**SOURCE DATA**
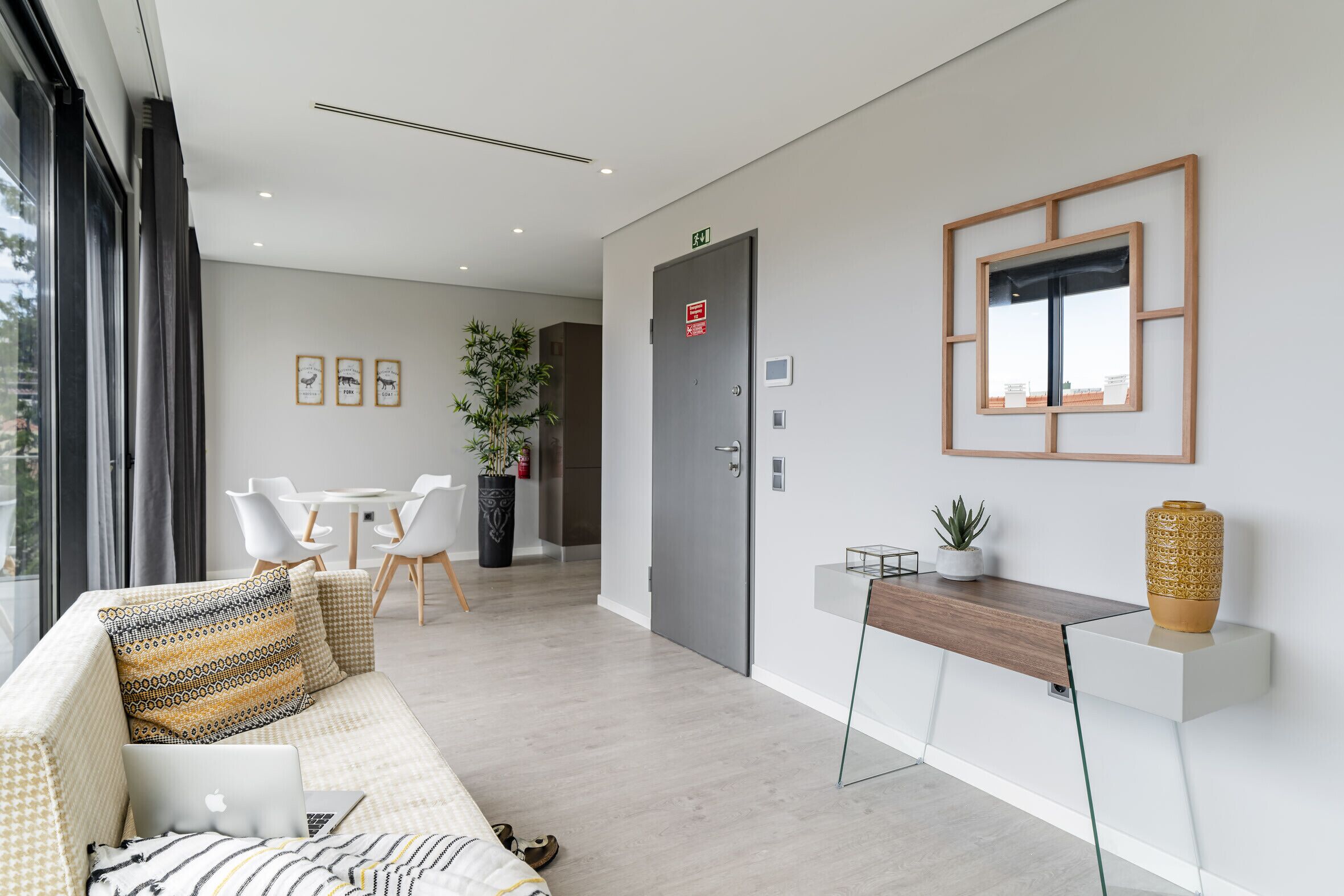 En moderne hotellobby med en sofa, et skrivebord, en plante og et indrammet billede på væggen.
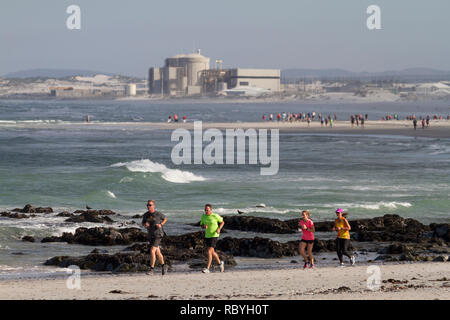 Parkrun jog on the beach at Melkbosstrand with Koeberg Power Station in the background. Parkrun is a global movement of Saturday 5km runs outside.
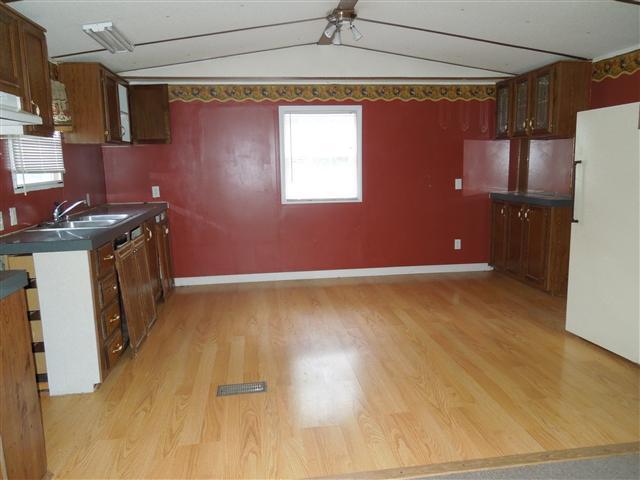 681 Edenway Road Dover, TN 37058 - Photo 12 of 20 Eat in kitchen, laminate floor, refrigerator.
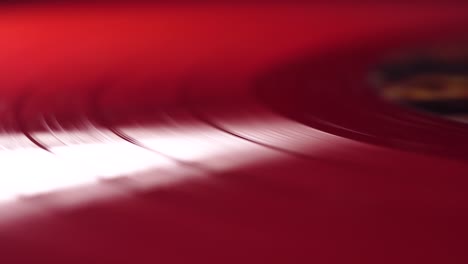 red vinyl record spinning on gramophone turntable, close up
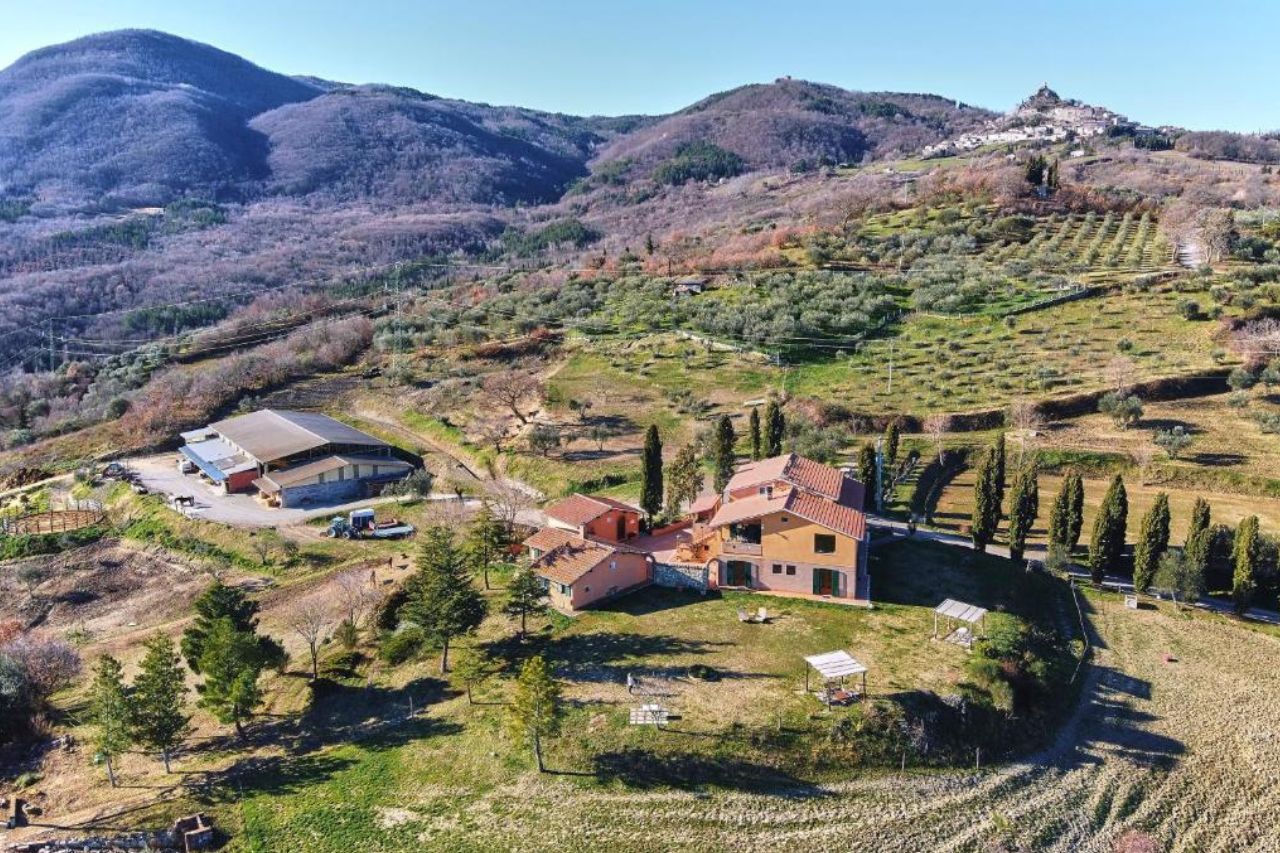 Aerial view of farmhouse with beautiful landscape located at the Il Cavalleggero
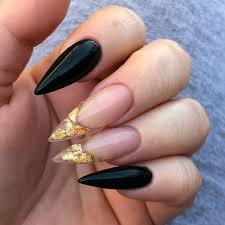 Black And Gold Acrylic Nails Short Stiletto Nails Black And Gold Nails Acrylic Nails Fall Nails Acrylic Nails Acrylicnailsshort Gold Stiletto Nails Gold Nails Gold Acrylic Nails
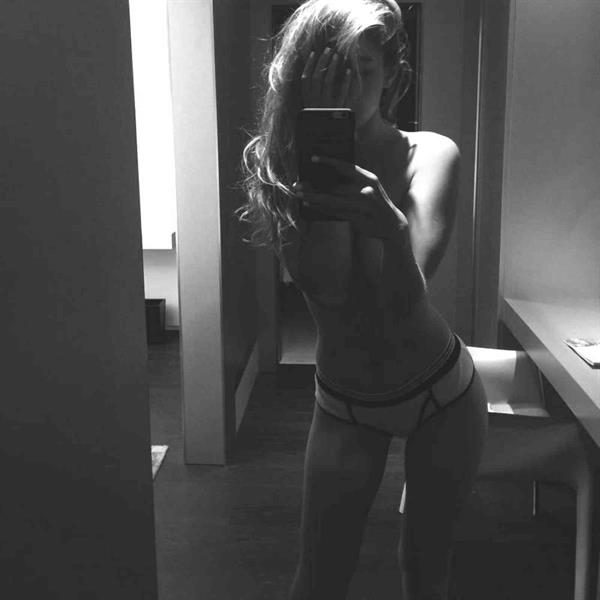 Gigi Hadid in lingerie taking a selfie
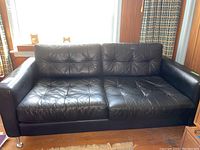 Full view of the black leather sofa with tufted cushions and metal legs.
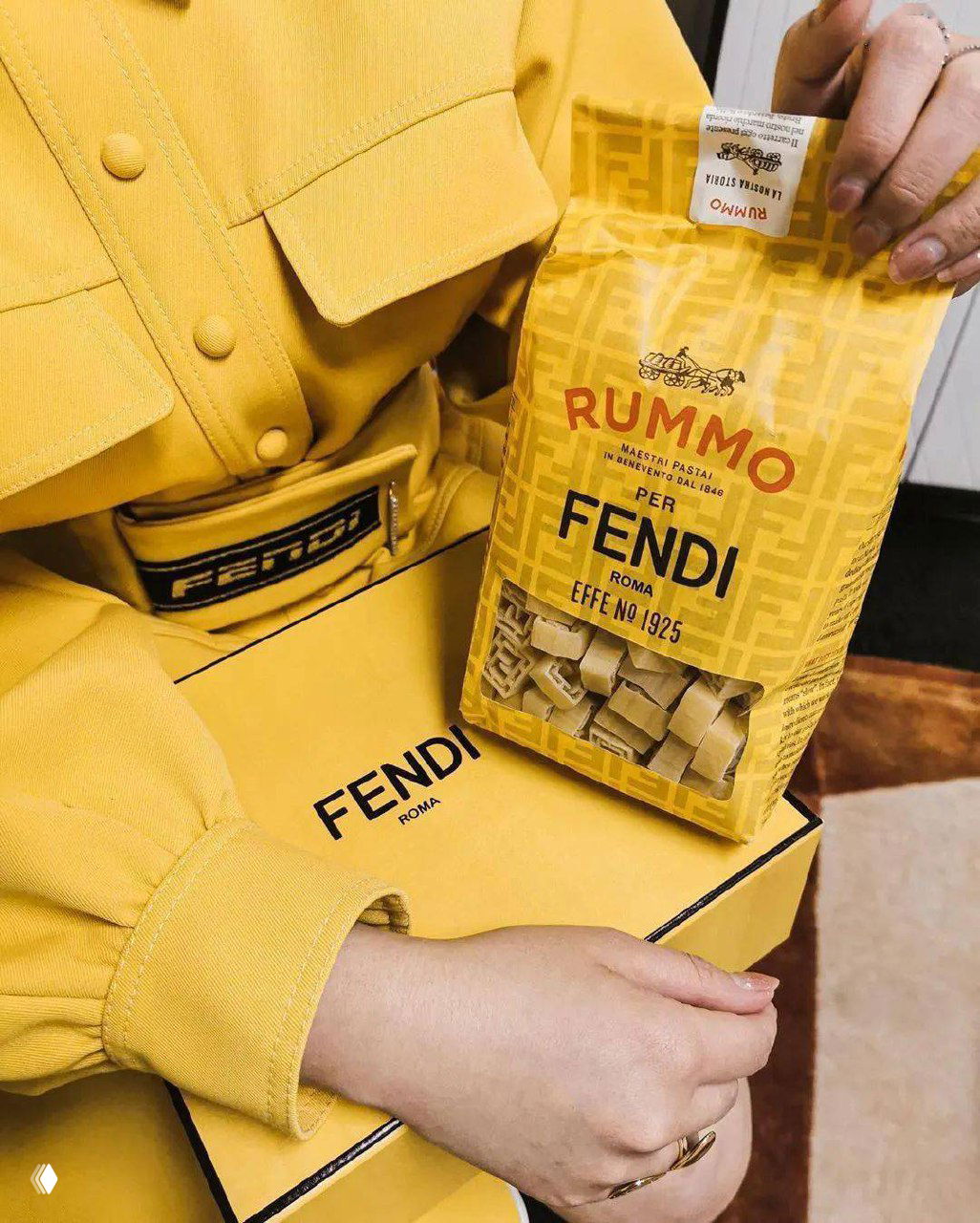 Пакет макарон Rummo с буквенным монограммным рисунком для Fendi: макароны и желтая упаковка рядом с коробкой и одеждой бренда на фотографии.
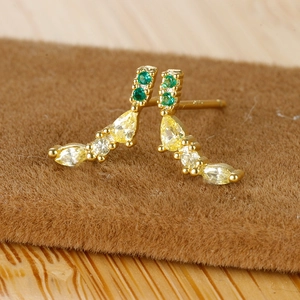 Macro shot of gold fruit stud earrings with emerald green and yellow zircon stones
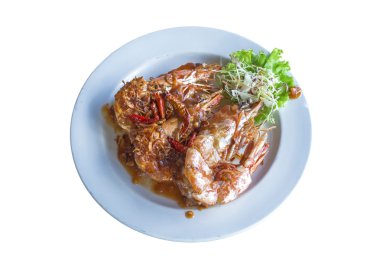 Beyaz adam tabağa demirhindi soslu kızarmış karides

**YOUR GOAL**
Beginning with the line that holds "Gigi Hadid in lingerie taking a selfie", extract every line to the end of the material, exactly as it stands, and drop the pictures.

**ANSWER TO THIS TASK**
 Gigi Hadid in lingerie taking a selfie
 Full view of the black leather sofa with tufted cushions and metal legs.
 Пакет макарон Rummo с буквенным монограммным рисунком для Fendi: макароны и желтая упаковка рядом с коробкой и одеждой бренда на фотографии.
 Macro shot of gold fruit stud earrings with emerald green and yellow zircon stones
 Beyaz adam tabağa demirhindi soslu kızarmış karides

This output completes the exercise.